71. Победу над врагами, добытую в честном бою, опозорил дóма постыдный суд народа в споре союзников о границах. Арицийцы и ардеяне, много раз сражавшиеся за спорное поле и утомленные многими взаимными поражениями, выбрали судьею римский народ[307]. Явившись на суд, они с большой горячностью изложили дело перед народным собранием, созванным магистратами. Когда, по выслушивании свидетелей, следовало уже созвать трибы и подать голоса, поднялся из толпы плебеев старик Публий Скаптий и сказал: «Если вы позволите, консулы, говорить о государственных делах, то я не дам народу ошибиться в настоящем процессе». Консулы заявили, что незачем слушать его, как не заслуживающего доверия; когда же он начал кричать, что предают государственное дело, его велели удалить; тогда он обратился к помощи трибунов.

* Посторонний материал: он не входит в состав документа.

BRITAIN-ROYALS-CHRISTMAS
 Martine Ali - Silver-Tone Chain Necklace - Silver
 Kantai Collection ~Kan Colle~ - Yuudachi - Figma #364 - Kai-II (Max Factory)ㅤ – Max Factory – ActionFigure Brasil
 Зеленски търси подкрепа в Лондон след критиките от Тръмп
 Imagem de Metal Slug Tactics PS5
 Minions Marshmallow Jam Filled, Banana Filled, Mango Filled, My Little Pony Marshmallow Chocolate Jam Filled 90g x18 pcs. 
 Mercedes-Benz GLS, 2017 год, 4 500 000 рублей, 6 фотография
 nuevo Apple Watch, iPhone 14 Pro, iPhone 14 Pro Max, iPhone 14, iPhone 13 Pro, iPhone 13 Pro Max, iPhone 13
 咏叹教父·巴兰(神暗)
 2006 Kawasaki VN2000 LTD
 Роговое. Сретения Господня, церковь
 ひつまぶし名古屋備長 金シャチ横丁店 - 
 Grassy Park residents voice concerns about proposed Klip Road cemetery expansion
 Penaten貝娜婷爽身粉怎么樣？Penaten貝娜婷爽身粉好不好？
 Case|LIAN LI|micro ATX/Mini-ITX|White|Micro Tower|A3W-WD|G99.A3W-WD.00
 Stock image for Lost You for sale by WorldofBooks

Эти последние, как всегда, почти скорее слушаются толпы, чем управляют ею, уступая желанию плебеев выслушать, позволили Скаптию сказать, что он хочет. Тут он говорит, что ему восемьдесят третий год, что он служил на той земле, о которой идет спор, уже не юношей, а на двадцатом году службы, во время войны у Кориол. Итак, по этому делу, забытому вследствие давности, но хорошо ему памятному, он заявляет, что спорное поле принадлежало кориоланцам, а по взятии Кориол, на основании военного права, стало собственностью римского народа. Удивительно ему, с какими это глазами ардеяне и арицийцы надеются отнять у римского народа, сделав его вместо хозяина судьей, поле, на которое никогда не предъявляли своих прав, пока Кориолы были независимы. Немного ему осталось жить; однако он не мог заставить себя на старости лет отказаться от защиты и словом, этим единственным доступным для него средством, того поля, которое он завоевал, по мере сил своих, когда был воином. Поэтому усердно советует он народу не решать дела в ущерб собственному праву из-за бесполезной стыдливости.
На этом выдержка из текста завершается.